--- Material supplied Enclosed Below ---

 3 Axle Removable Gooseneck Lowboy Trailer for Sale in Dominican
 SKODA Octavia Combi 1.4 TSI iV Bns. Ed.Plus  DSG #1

--- End of Enclosed Material supplied ---
--- Material supplied Enclosed Below ---

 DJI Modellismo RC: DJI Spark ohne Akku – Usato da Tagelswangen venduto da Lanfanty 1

--- End of Enclosed Material supplied ---
--- Material supplied Enclosed Below ---

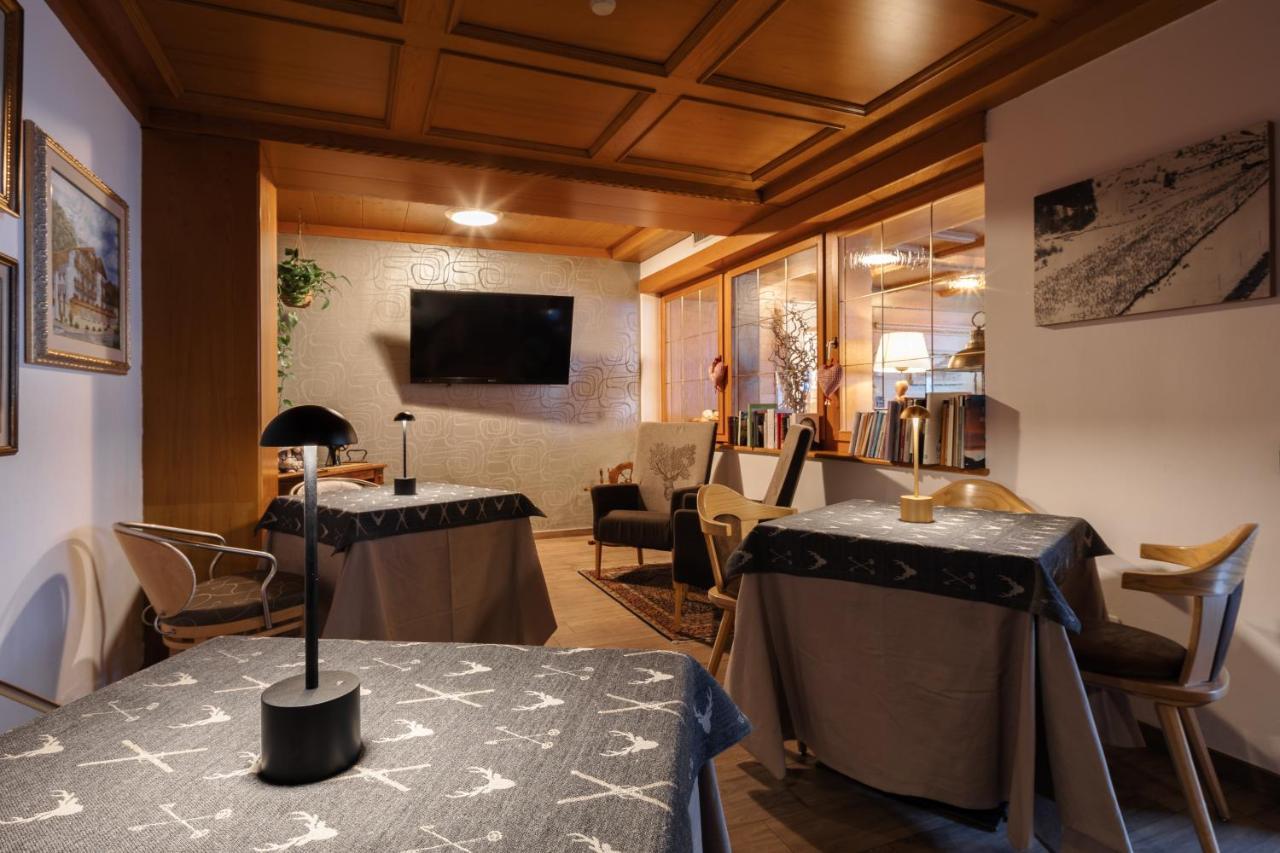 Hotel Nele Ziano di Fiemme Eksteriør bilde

--- End of Enclosed Material supplied ---

* [Exercise goal] Could you transcribe the entries above word for word, from the line with "3 Axle Removable" down to the line with "SKODA Octavia Combi", keeping both?

* [Your response]
 3 Axle Removable Gooseneck Lowboy Trailer for Sale in Dominican
 SKODA Octavia Combi 1.4 TSI iV Bns. Ed.Plus  DSG #1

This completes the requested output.